Is Christ dangerous? Was Paul or Peter dangerous people as possesers of faith?
I think so, definitely. Perhaps less as possessors of "faith" than as persons claiming (or represented as claiming) truth.
But remember my "remedy/poison" suggestion: their "truth" was potentially harmful inasmuch as it was potentially helpful.
The core of Christianity as represented by the Gospels' Jesus or by Paul has power for both. Don't you think the calls to "die to yourself," to "forsake everything and everyone for the good news," are potentially destructive, for anyone who takes them seriously (which is admittedly rare)? In the exact measure they are potentially dangerous they are, also, potentially liberating.
Kierkegaard once remarked (from his own experience) that when you take Christianity seriously at too young an age it can break you down beyond repair. This should be pondered more by Christian pastors and teachers imo.

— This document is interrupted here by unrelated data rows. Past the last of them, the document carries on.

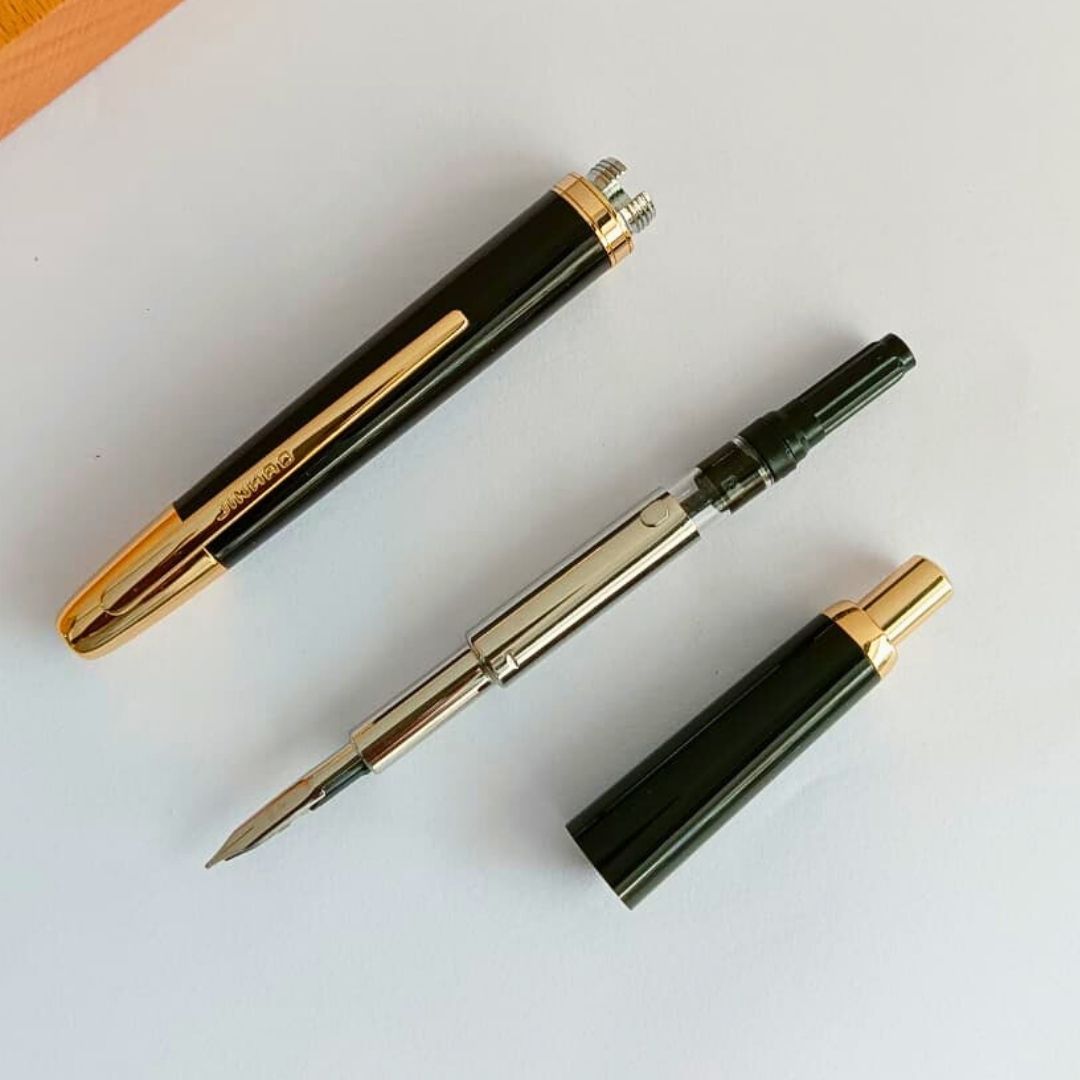 Jinhao 20 Press Retractable Fountain Pen –Piano Black Colors –Plastic Body (Golden clip)-  Fine & Extra Fine Nib with Converter – Smooth Writing Daily Pen (No Ink Included)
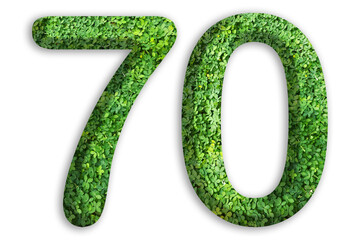 3d of the number of 70 is made from green grass on white background, go green concept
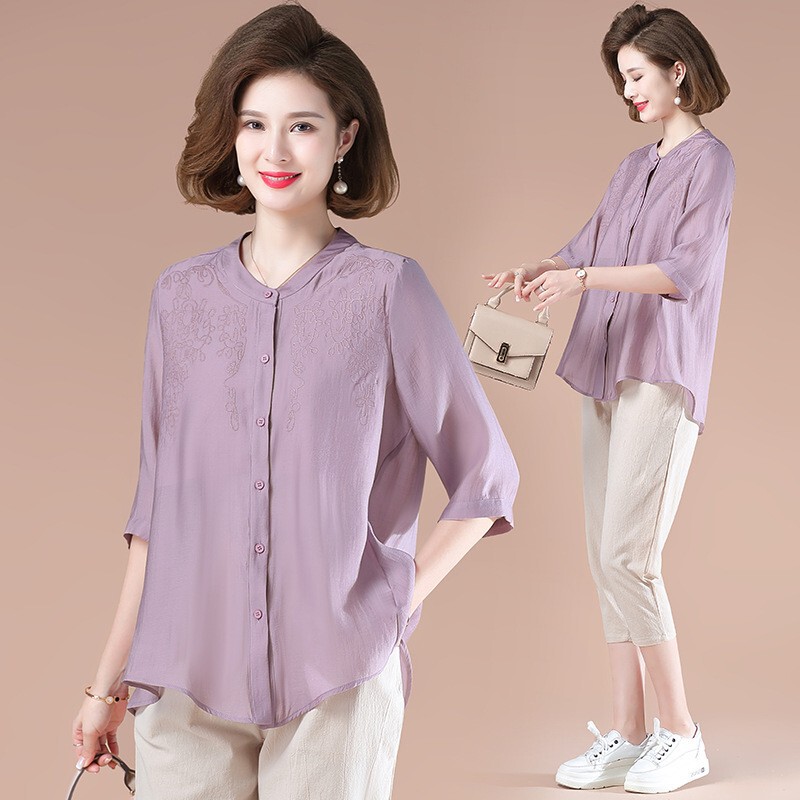 Mom's Summer Short-Sleeved Top Suit, Stylish 2026 New Style, Middle-Aged and Elderly Women's Summer Three-Quarter Sleeve Cotton Silk Shirt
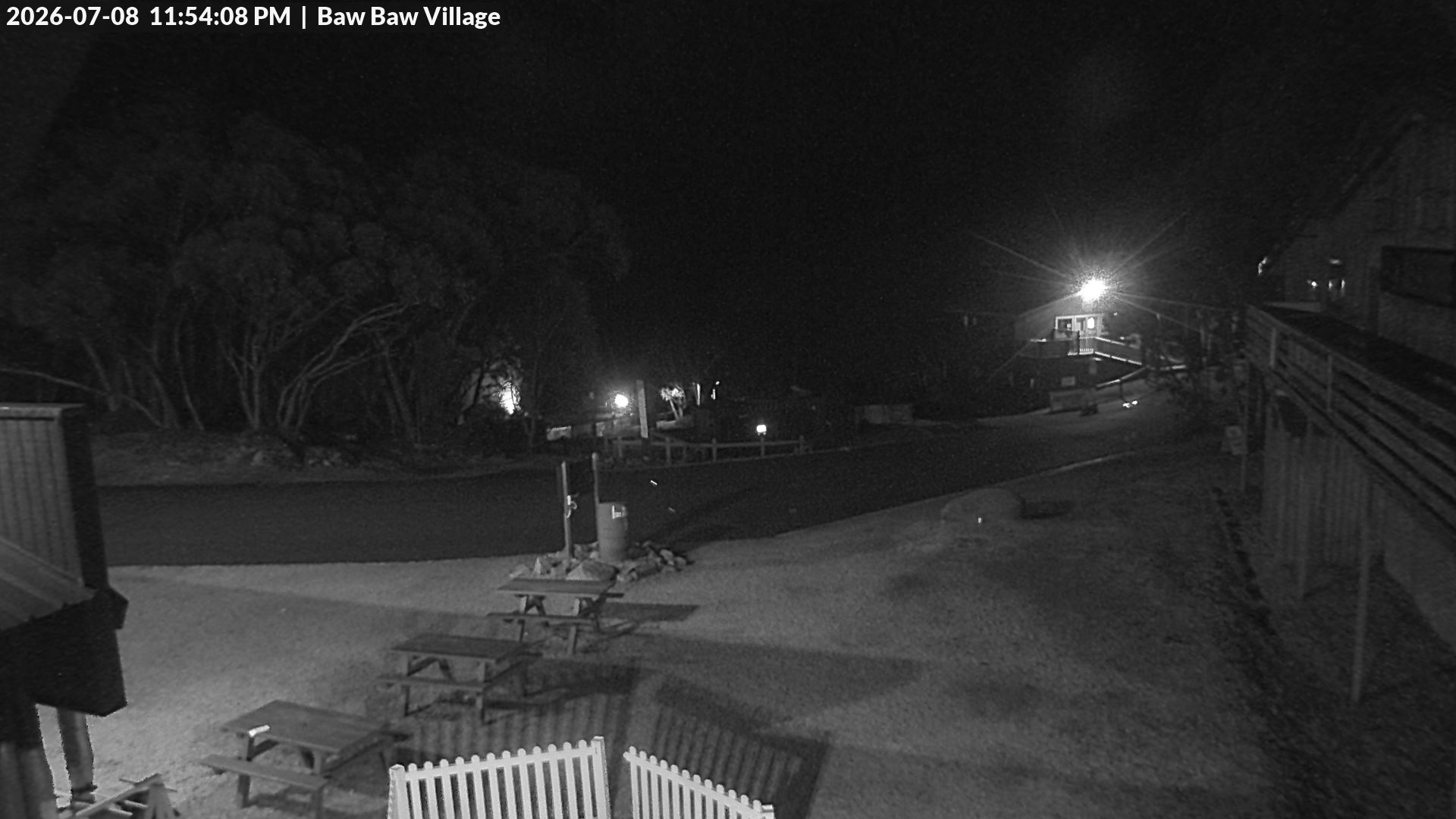 Mt Baw Baw Baw Baw Village snow cam captured at 8 July 2026 at 11:58 pm AEST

and a dreadful inquisitor with correct beliefs.A question for Narkisos , name one that was both dreadful and was correct in what they were doing?
As Peter said of Paul's teachings, anyone can twist things to their own destruction.
Notice how you shifted from my expression, "correct beliefs," to "correct in what they were doing". I am not going there.
There are not too many beliefs universally recognised as correct. If mathematics count, I'm sure there are a number of dreadful math profs around. Those are the nightmare of their students even though (and at least partly because) they are continually, systematically, desperately right.
Now if we lower the standard to what is recognised as truth in a specific place and time, examples multiply. As you are a Christian, think of any historical creed you consider correct and ask yourself how many people have been persecuted, tortured and killed for believing otherwise. Secularists can ask the same question about the persecution of believers as it occurred during or after the French or Russian revolutions for instance.
Inquisitors are dreadful not because their beliefs may be wrong, but because they are certain to be right. Truth, whether absolute or perceived, is essentially totalitarian.